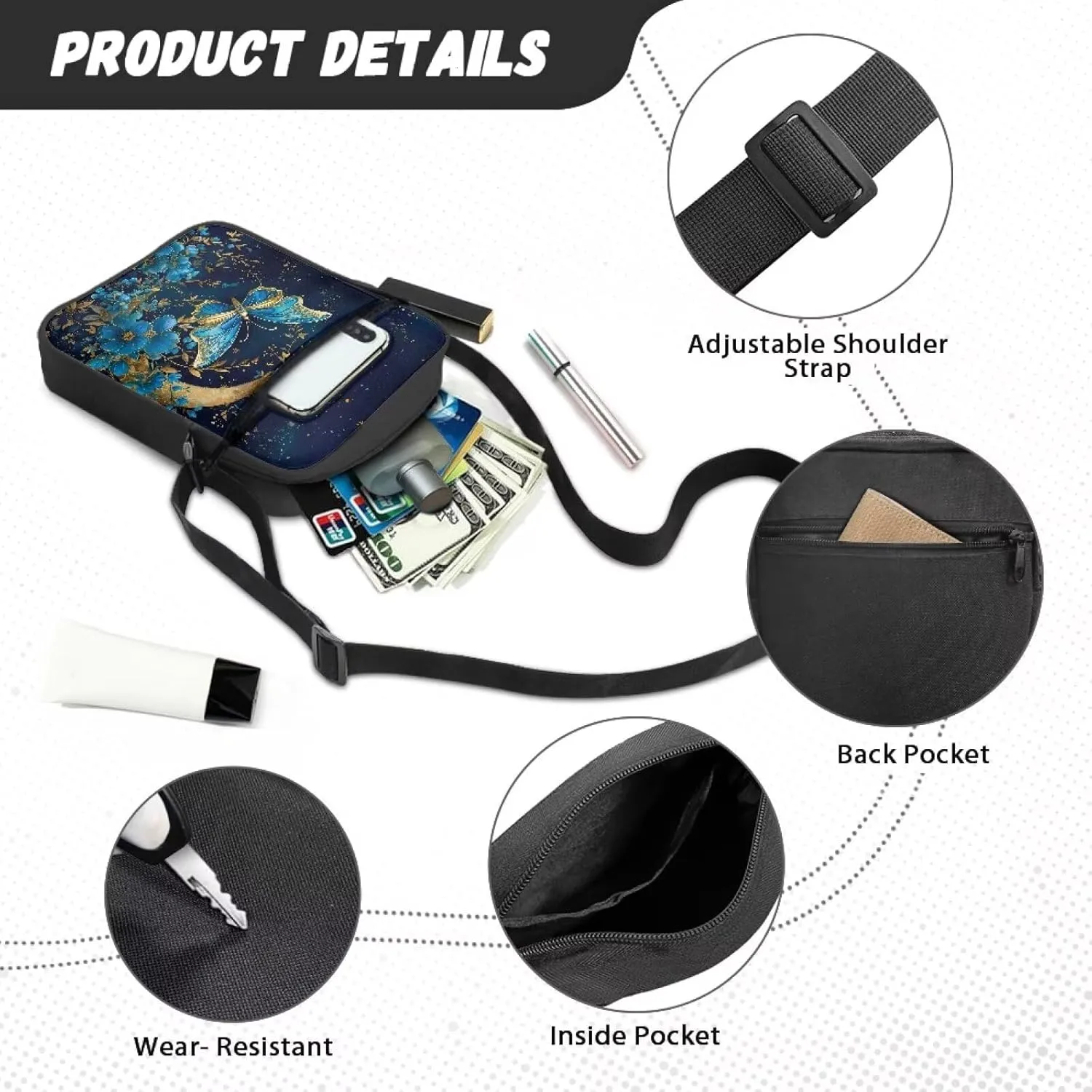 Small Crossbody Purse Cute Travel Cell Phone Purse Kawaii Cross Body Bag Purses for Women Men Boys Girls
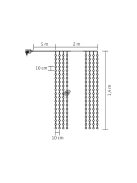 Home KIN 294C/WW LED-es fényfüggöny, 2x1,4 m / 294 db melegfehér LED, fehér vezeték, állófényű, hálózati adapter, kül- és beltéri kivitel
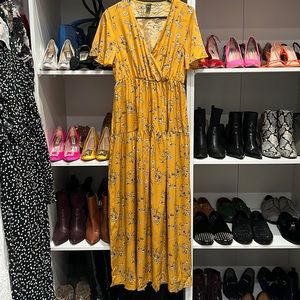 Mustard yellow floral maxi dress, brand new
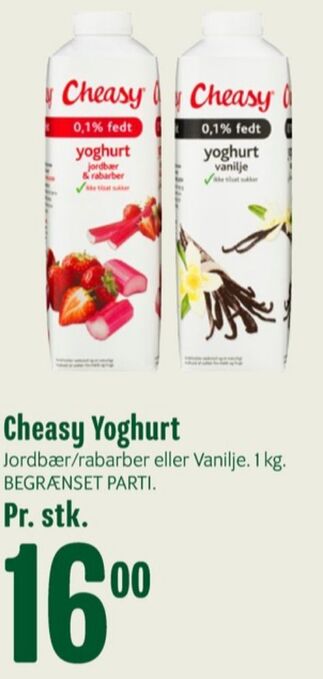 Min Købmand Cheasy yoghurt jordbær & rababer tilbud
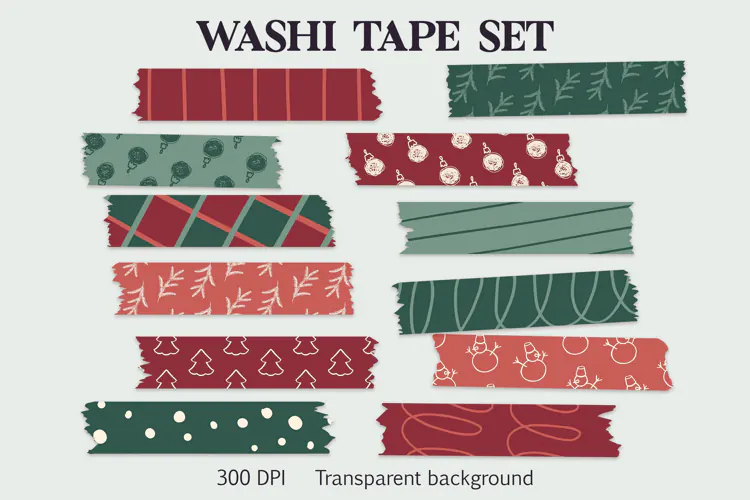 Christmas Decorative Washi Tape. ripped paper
====
**To do:** Take the lines from the one that contains "Min Købmand Cheasy" down to the last line of the listing above, both included, and set them down exactly, leaving out pictures.

**Problem solution:**
 Min Købmand Cheasy yoghurt jordbær & rababer tilbud
 Christmas Decorative Washi Tape. ripped paper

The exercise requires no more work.